Revelation designates the unveiling of facts and truths by God—things that man, on his own, could not have known previously. Revelation has reference to the communication of knowledge. Revelation discovers new truth to men (1 Corinthians 2:10); inspiration guides and controls the giving of truth (1 Corinthians 2:13), ensuring that God gets written correctly what He wants written. Inspiration extends to the whole of truth, although the subject matter is of two kinds: revelation and known facts (or as we would call it, history). The Bible speaks forthrightly about its inspiration (2 Timothy 3:16-17; 2 Peter 1:20-21; 1 Corinthians 2:13; et al.). Basically, this claim amounts to the declaration that the Bible is God’s will and way in the world, a record and interpretation of God’s activity, and a guide for man in service to the Lord. The Bible thus is regarded (based on evidence) as a repository of absolute Truth that may be studied faithfully, the result being that one knows God’s will.

In discussing God’s revelation, students of Scripture have spoken of that revelation as being two-fold: (1) natural (or general) revelation; and (2) special (or supernatural) revelation. Natural revelation comes to man through nature. The first six verses of Psalm 19 declare that God has given a revelation of Himself in nature that constantly is testifying to the existence of the Creator.
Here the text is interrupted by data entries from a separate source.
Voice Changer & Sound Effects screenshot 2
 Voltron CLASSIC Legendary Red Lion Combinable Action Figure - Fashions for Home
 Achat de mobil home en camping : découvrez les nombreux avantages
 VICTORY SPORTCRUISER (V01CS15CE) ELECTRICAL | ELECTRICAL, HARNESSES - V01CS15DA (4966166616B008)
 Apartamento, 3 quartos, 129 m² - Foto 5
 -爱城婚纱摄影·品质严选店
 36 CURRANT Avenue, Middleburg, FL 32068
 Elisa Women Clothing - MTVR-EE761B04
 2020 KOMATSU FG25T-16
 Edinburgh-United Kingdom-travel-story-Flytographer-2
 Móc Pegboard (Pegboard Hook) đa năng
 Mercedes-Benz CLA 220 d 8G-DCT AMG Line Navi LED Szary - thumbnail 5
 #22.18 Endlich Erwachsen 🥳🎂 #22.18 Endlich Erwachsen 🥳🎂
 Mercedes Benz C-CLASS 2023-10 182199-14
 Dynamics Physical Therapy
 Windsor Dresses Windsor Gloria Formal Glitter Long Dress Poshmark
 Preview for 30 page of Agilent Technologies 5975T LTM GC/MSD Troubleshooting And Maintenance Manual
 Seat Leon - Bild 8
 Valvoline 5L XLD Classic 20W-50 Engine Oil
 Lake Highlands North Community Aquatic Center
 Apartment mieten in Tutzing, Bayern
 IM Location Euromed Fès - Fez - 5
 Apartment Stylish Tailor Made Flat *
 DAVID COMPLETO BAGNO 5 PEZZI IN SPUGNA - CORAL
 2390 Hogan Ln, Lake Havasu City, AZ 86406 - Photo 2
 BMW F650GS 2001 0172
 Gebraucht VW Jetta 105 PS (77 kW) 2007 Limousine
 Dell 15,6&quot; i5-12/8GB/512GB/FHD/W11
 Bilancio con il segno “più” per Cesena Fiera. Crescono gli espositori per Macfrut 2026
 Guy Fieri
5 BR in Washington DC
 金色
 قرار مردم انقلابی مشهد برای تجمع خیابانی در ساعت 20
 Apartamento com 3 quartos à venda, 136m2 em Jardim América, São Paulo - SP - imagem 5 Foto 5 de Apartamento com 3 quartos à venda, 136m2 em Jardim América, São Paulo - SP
The apostle Paul, speaking through inspiration in Romans 1:20, clearly stated that God’s “invisible nature, namely, his eternal power and deity, has been clearly perceived in the things that have been made. So they are without excuse.” Natural revelation is rooted in creation and in the ordinary relationship of God to man. The Scriptures teach that natural revelation is universal. At no time in all of history has God left Himself without a witness of Himself in nature (Acts 14:17).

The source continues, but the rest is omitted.